Robot dog learns to walk in just one hour by analyzing the animals’ movements

They are born with muscular coordination networks with rigid threads located in their spinal cord that they rely on to stand and move through neural reflexes.

Although a little more basic, motor control reflexes help a puppy avoid falling and injuring itself during their first attempt at walking. Then further and more precise muscle control is practiced until the nervous system is well adapted to the animal’s leg muscles and tendons so that it can keep up with adults.

Researchers at the Max Planck Institute for Intelligent Systems (MPI-IS) in Stuttgart, Germany, conducted a study (published in the journal Intelligence of natural machines) to find out how animals learn to walk and overcome obstacles. For this, they built a four-legged robot, the size of a medium-sized dog, which helped them understand the details.

German researchers have developed a robot dog to understand the movement learning process in four-legged puppies. Photo: Max Planck of Intelligent Systems (MPI-IS)

“As engineers and robot technicians, we seek the answer by building a robot that thinks like an animal and learns from its flaws,” Felix Ruppert, a former doctoral student in the Dynamic Locomotion Research Group at MPI-IS, said in a statement. “If an animal stumbles, is it a mistake? Not if it happens once. But if it stumbles often, it gives us a measure of how well the robot is doing.

A learning algorithm optimizes a robot dog’s virtual spinal cord

A Bayesian optimization algorithm drives machine learning: information measured by the foot sensor is combined with target data from the modeled virtual spinal cord running as a program on the robot’s computer. It learns to walk by continuously comparing information sent and received from the sensor while running loops reflexes and adaptation of their motor control patterns.

The learning algorithm adjusts the control parameters of a Central Pattern Generator (CPG). In humans and animals, these central pattern generators are neural networks in the spinal cord that produce periodic muscle contractions without brain input.

Networks of key pattern generators help generate rhythmic tasks such as walking, blinking, or digesting. In addition, reflexes are involuntary motor control actions triggered by coded neural pathways that connect sensors in the bone to the spinal cord.

When the young animal walks on a perfectly flat surface, CPGs may be sufficient to monitor movement signals from the spinal cord. However, a small bump on the ground changes course. Reflexes insert and adjust movement patterns to prevent the animal from falling.

These instantaneous changes in motion signals are reversible or “elastic”, and motion patterns return to their original configuration after the disturbance. But if the animal does not stop stumbling through many cycles of movement – despite active reflexes – then the movement patterns must be repaired and made “plastic”, ie. irreversible.

1658268729 344 A robot dog learns to walk in just one hour
Morti, the robot dog created to understand the movement learning process for four-legged animal puppies. Photo: Max Planck of Intelligent Systems (MPI-IS)

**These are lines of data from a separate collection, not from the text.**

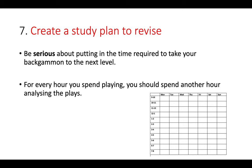Step seven: create a study plan to revise. If you want to improve, you need to be serious about putting in the time required to take your backgammon to the next level. Michie said that for every hour he spends playing, he spends another hour analysing the plays — and that's what is required, at least. He's the best player in the world, so I would take his advice seriously. Create yourself a study plan using a template, work out when you're free in the week, and maybe do an hour in the evening or afternoon. Try to practise regularly each day and you will see improvements.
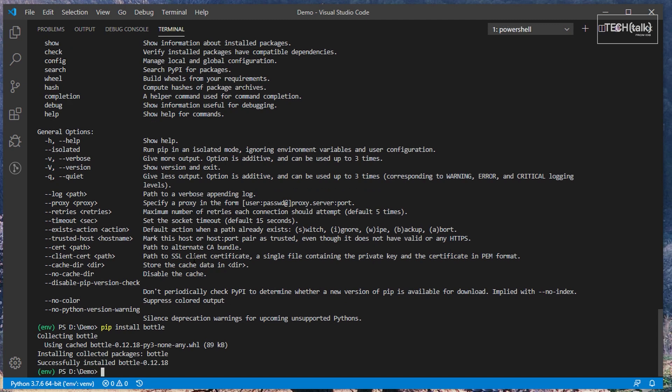Once installation is finished, you should get a success message and then you should be able to use the PIP list command to see the installed package along with all of the others currently installed.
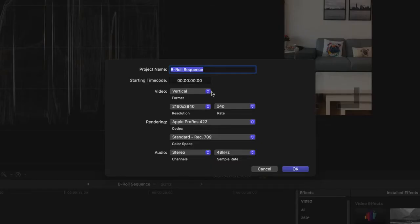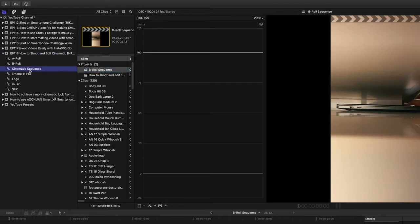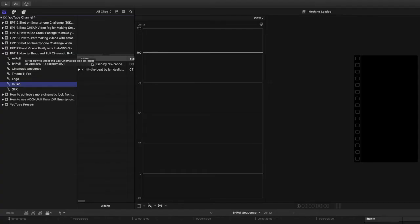The next thing I do is open up Final Cut Pro X and create a project. The project I created is set to vertical. The resolution is 2160 by 3840 and the frame rate is 24 frames per second. Another big thing is to organize your clips — I create keywords: I have my A-roll, B-roll and all of that. For the cinematic sequence, I imported all of it and I used music and sound effects from Artlist, which I also imported into the project.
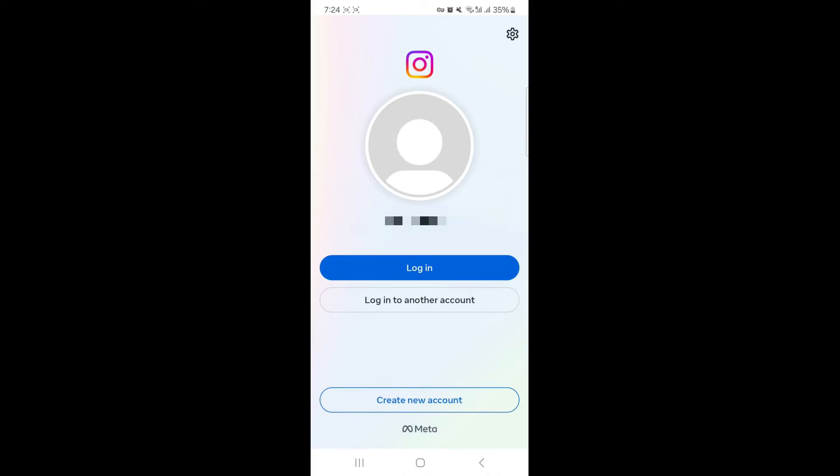And yeah, that's pretty much it. That's how to password protect Instagram on Android. If you have any questions, let me know down in the comments below, and I do my best to help you out.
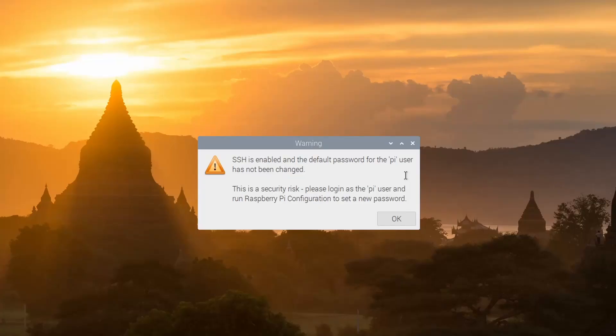So, that is how you change the hostname on your Raspberry Pi. That's the end of this tutorial. Thanks for watching, and I will see you in the next video.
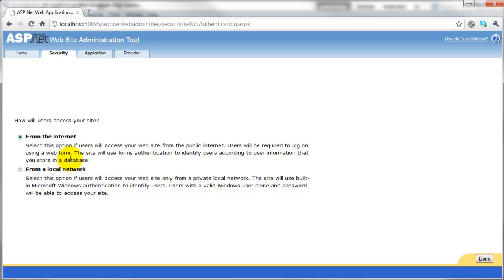So as soon as we change it to this, this is going to set up the database for us, so we don't have to. It's a really nice wizard driven system. So we've selected from the internet and we'll click on done.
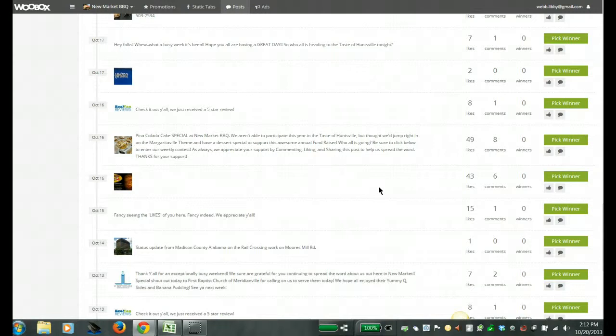So every week I run a cake giveaway on my fan page wall and today I'm going to be picking my winner. So I'm going to show you the two different tools that I use.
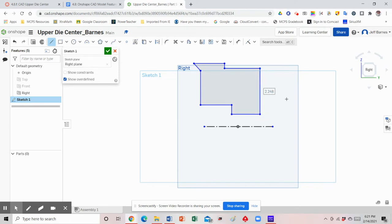Now that I've drawn the profile, notice when I clicked on the last point the interior turned a darker gray — that means I have a good solid profile with no gaps between the end points. I'll right-click and escape the line tool, and now I'm ready to start adding dimensions.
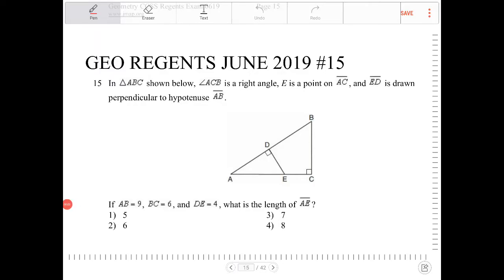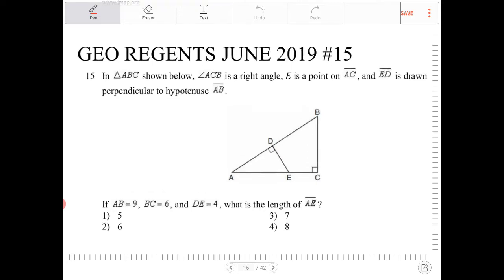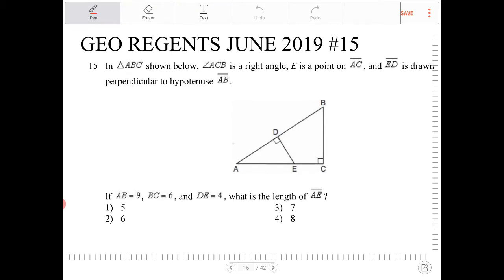In triangle ABC, shown below, angle ACB is a right angle. E is a point on AC and ED is drawn perpendicular to hypotenuse AB. AB equals 9 — this whole length equals 9. BC equals 6, DE equals 4. What is the length of AE?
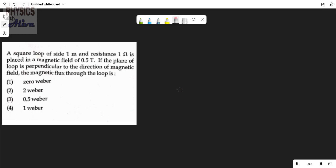Hello everyone, welcome back to your channel Physics with Oliver. Today we will discuss another problem from NEET 2022. If you have not subscribed the channel yet, then please subscribe the channel and press the bell icon. Let's start.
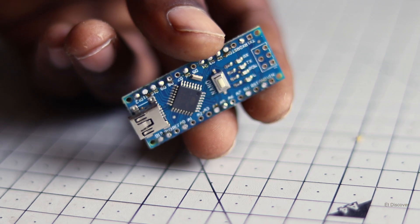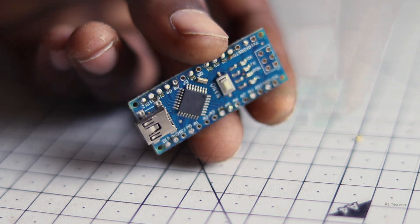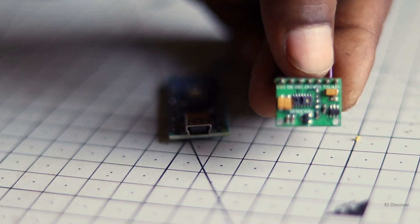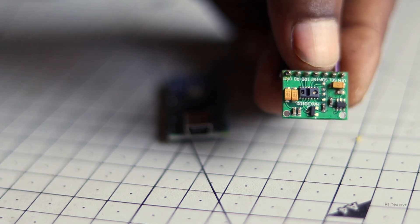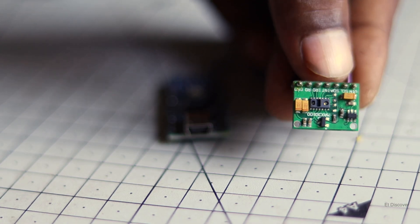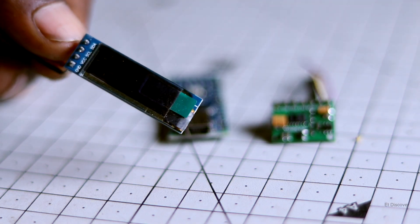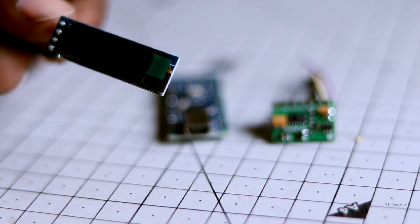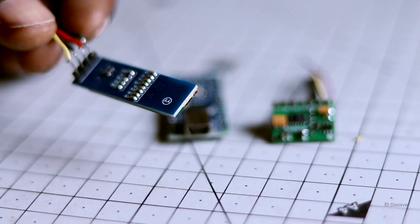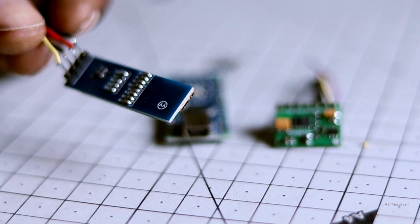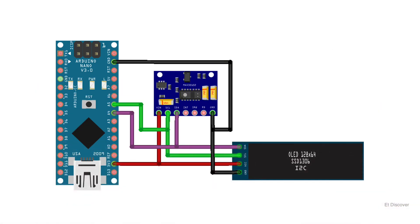To make this device, you need an Arduino Nano. Next a MAX30100 heart rate sensor module. And definitely for monitoring, we need an OLED display. And next according to this diagram, we need to connect everything.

In the newborn animal, the CPGs are not yet close enough at first, and the animal stumbles, both on flat and uneven ground. However, the animal quickly learns how its CPGs and reflexes control the leg muscles and tendons.

The same goes for the robot dog called “Morti”, which also optimizes its movement patterns faster than an animal, in about an hour. Your CPG is simulated on a small, lightweight computer that controls the movements of your legs.

The virtual spinal cord is placed on the four-legged robot where the head would be. During the hour it takes the robot to walk smoothly, data from its foot sensor is continuously compared to the expected trip predicted by the CPG.

If this happens, the learning algorithm changes the distance and speed at which the legs swing back and forth, and measures how long they stay on the ground. Adjusted motion also affects how the robot can use its compatible leg mechanics. During the learning process, CPG sends appropriate motorized signals so that the robot begins to stumble less and optimizes its gait.

In this structure, the virtual spinal cord has no explicit knowledge of the design of the robot’s legs, its motors, and its springs. Since he knows nothing about the physics of the machine, he is missing a “model” robot.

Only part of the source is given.